A new study led by Ben-Gurion University of the Negev (BGU) researchers shows that driving is “absolutely impossible” without music. The unique study was published in the journal Psychomusicology: Music, Mind, and Brain.
For drivers between ages 18 to 29, music in the car isn’t just for entertainment. “It’s part of their atmosphere whether they’re alone or not,” said Prof. Warren Brodsky, director of the BGU Music Science Lab in the Department of the Arts to ANI. “They are so used to constant stimulation and absorbing great amounts of information throughout the day, that they don’t question how the type of tunes they play might affect concentration, induce aggressive behaviour, or cause them to miscalculate risky situations,” added Brodsky.
“Music is an essential, universal language which we can all appreciate. Undoubtedly, though, the concerns that stem from the results of this study are worth considering,” said Doug Seserman, chief executive officer, American Associates, the Ben-Gurion University of the Negev to ANI.

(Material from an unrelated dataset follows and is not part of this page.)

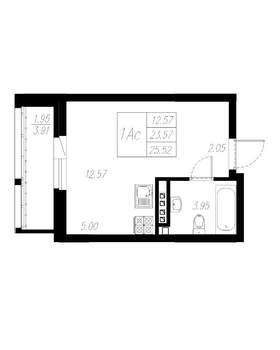 Студия квартира, вторичка, 26м2, 3/13 этаж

As per the study, 140 respondents had answered a 67-item questionnaire that explored how drivers engage with music while driving. Most respondents, i.e., 80%, claimed that it was not difficult but sometimes, nearly impossible to concentrate on the traffic and the road without any music playing in the background. Interestingly, most respondents also said they stay in their car once they reach their destination and wait until the song completes.
About 97 per cent respondents admitted to listening to many short songs on long trips and 65 per cent play fast-paced songs while driving to work; 76 per cent play dance songs when on a holiday or while going out; and 90 per cent play upbeat music when on their way to a party.
“These young drivers believe that more stimulus actually helps their driving abilities,” Brodsky said. “This could become more of an issue in the future when it becomes critical to disengage from music and assume control in an autonomous vehicle.”